В свою очередь, и такие аспекты взаимоотношений с литературным миром, как литературный успех, признание, осознаваясь как практически необходимые, так и не приобрели в глазах Цветаевой той ценности, чтобы задавать ориентиры творческому поведению: « – Слава! – Я тебя не хотела: / Я б тебя не сумела нести» (СП, 399). Подобные признания никакого поворота в авторской позиции не означали: предшествовавшие два-три года сравнительной известности не были ни годами очарования литературным миром, ни даже годами совершенно благополучных отношений с ним. Это были годы творчески столь насыщенные, что на рефлексию по поводу своего положения внутри литературного сообщества или по поводу взаимопонимания с ним у Цветаевой просто не оставалось времени. Ее самосознание как художника именно в эти годы достигло своей высшей отметки:
Ведь всё равно, когда я умру – всё будет напечатано! Каждая строчечка, как Аля говорит: каждая хвисточка! Так чего же ломаетесь (привередничаете)? Или вам вместо простой славы <пропуск в рукописи> солнца непременно нужна <пропуск в рукописи> сенсация смерти? Вместо меня у стола непременно – я на столе?
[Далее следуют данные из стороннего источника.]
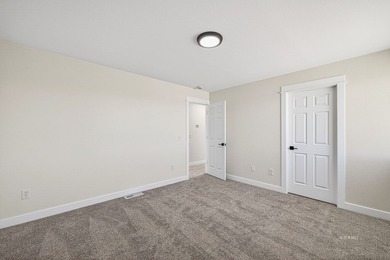 Welcome to 412 Edgebrook Way, if you have seen this home before - photo 33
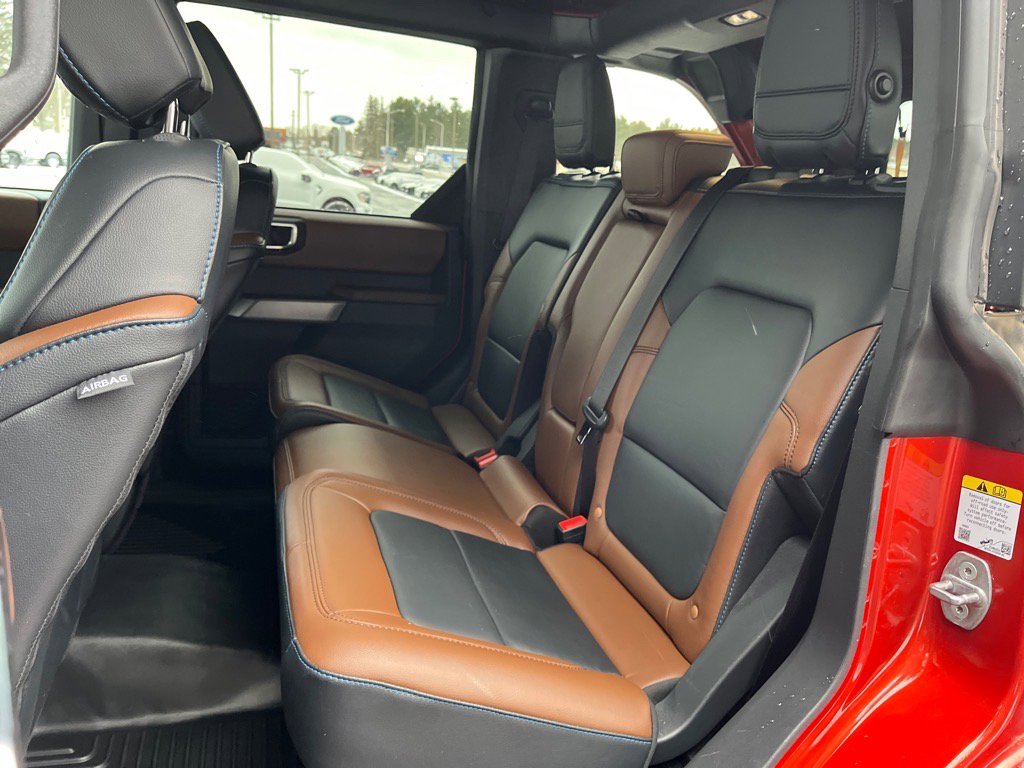 Used 2023 Ford Bronco Outer Banks image 12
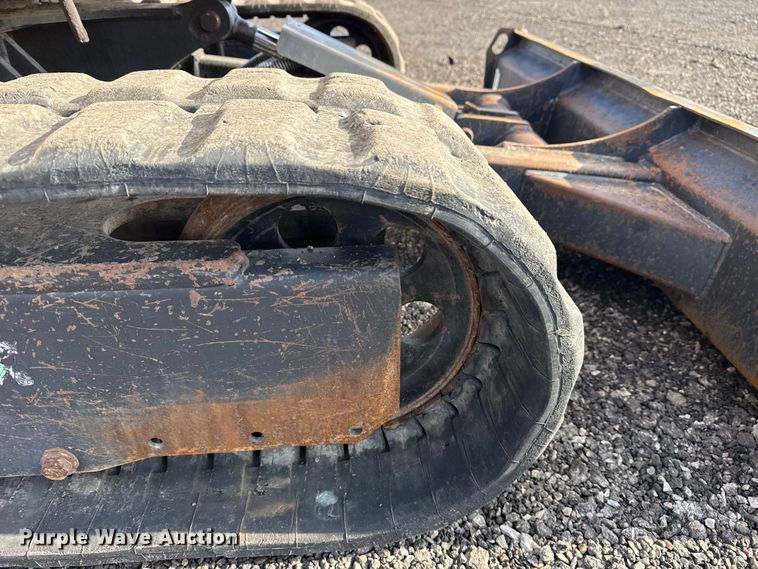 image for item EG8842 2014 Caterpillar 303.5E mini excavator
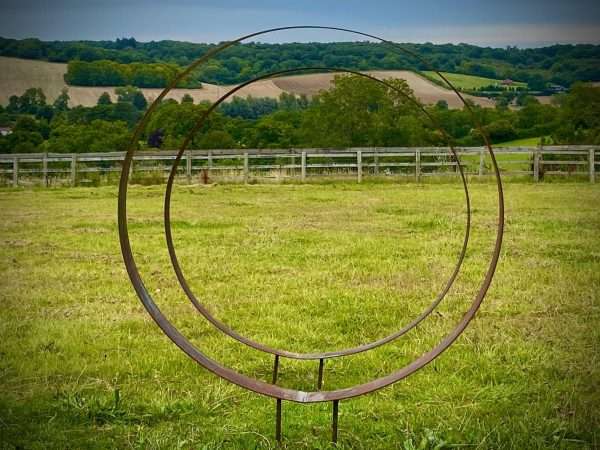 XL Rustic Metal Wide Garden Ring Hoop Sculpture - Pair of Rusty Ring Circle Garden Art / Globe / Sphere  Gift   Present - Image 6
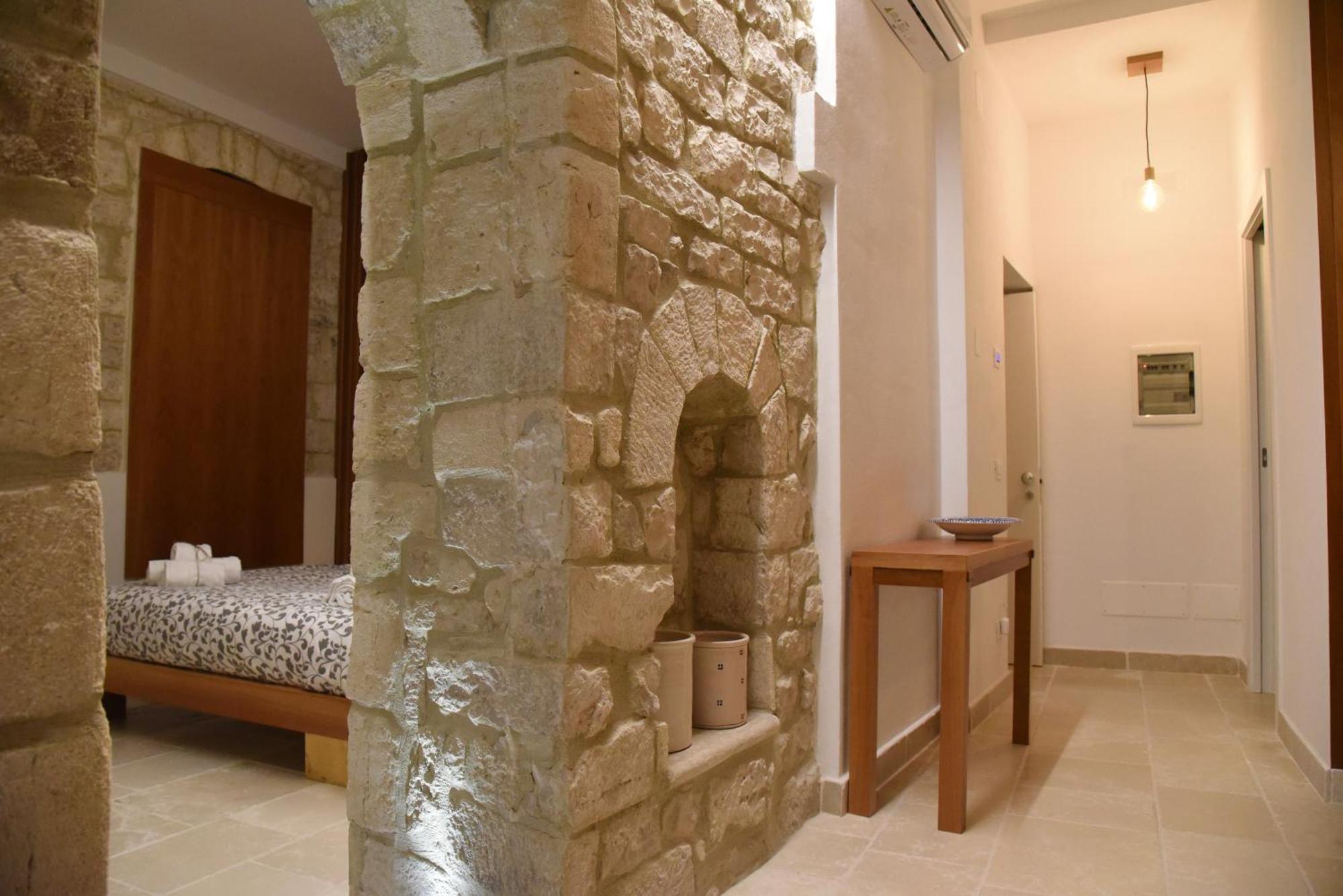 Altemura Suites Бари Экстерьер фото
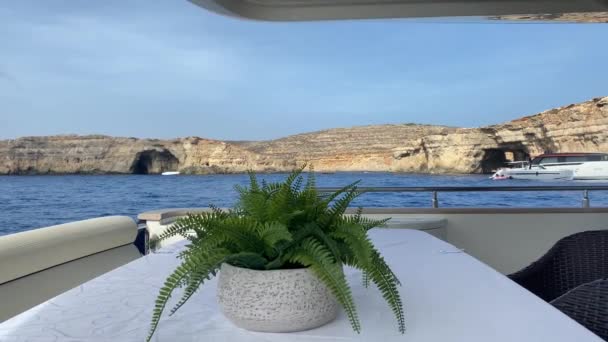 Dineren Het Jacht Malta Comino Eiland Eettafel Met Een Plant — Stockvideo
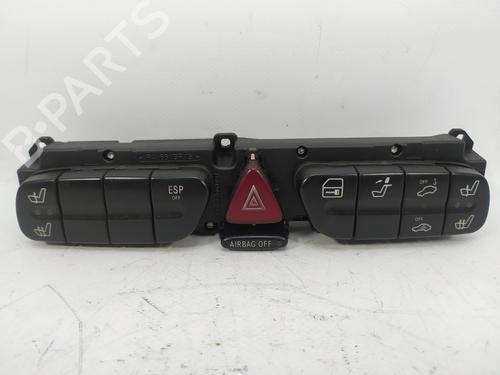 Used Switch MERCEDES-BENZ C-CLASS (W203) [2000-2007]  10511911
(И это напечатаете!) (СТ, 326)
Такими «мыслями о редакторах и редакциях» Цветаева начинала 1925 год. Собственное место на поэтическом Олимпе она уже определила, и склад ее личности был таков, что ни опровержения, ни подтверждения извне ничего в ее самооценке изменить не могли. «Главное в жизни писателей (во второй ее половине) – писать. Не: успех, а: успеть. Здесь (в эмиграции. – И. Ш.) мне писать не мешают, дважды не мешают, ибо мешает не только травля, но и слава (любовь)» («Поэт и время»; СС5, 334), – этот вывод Цветаева сформулировала в начале 1930-х годов, но отсчет «второй половине» своей творческой жизни она фактически начала вскоре после переезда в Париж. Поскольку с этим переездом Цветаева связывала планы лучшего устройства своих литературных дел, казалось бы, она должна была прежде всего позаботиться о налаживании устойчивых отношений с литературным сообществом. Тем поразительнее, насколько иначе она повела себя в действительности.